--- Working data ---
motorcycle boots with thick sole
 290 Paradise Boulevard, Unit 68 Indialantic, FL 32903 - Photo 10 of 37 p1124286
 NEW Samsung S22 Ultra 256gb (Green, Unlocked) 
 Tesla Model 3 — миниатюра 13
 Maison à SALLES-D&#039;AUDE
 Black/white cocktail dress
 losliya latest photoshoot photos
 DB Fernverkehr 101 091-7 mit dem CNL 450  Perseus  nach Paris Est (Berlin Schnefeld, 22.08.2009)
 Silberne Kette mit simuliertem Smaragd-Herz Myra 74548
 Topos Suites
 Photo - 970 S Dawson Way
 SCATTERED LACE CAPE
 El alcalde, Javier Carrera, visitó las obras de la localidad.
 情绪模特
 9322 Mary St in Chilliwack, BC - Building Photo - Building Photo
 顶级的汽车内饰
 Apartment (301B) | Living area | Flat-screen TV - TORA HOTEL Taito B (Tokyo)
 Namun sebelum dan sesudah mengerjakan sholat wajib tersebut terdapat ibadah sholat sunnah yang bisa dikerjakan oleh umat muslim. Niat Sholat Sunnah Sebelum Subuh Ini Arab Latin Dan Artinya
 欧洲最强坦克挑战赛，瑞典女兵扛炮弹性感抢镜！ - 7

--- Aim of the task ---
In the material above, locate the line containing "NEW Samsung S22" and the line containing "Photo - 970 S Dawson Way". Transcribe exactly those two lines and every line between them, and nothing more.

--- Task output ---
 NEW Samsung S22 Ultra 256gb (Green, Unlocked) 
 Tesla Model 3 — миниатюра 13
 Maison à SALLES-D&#039;AUDE
 Black/white cocktail dress
 losliya latest photoshoot photos
 DB Fernverkehr 101 091-7 mit dem CNL 450  Perseus  nach Paris Est (Berlin Schnefeld, 22.08.2009)
 Silberne Kette mit simuliertem Smaragd-Herz Myra 74548
 Topos Suites
 Photo - 970 S Dawson Way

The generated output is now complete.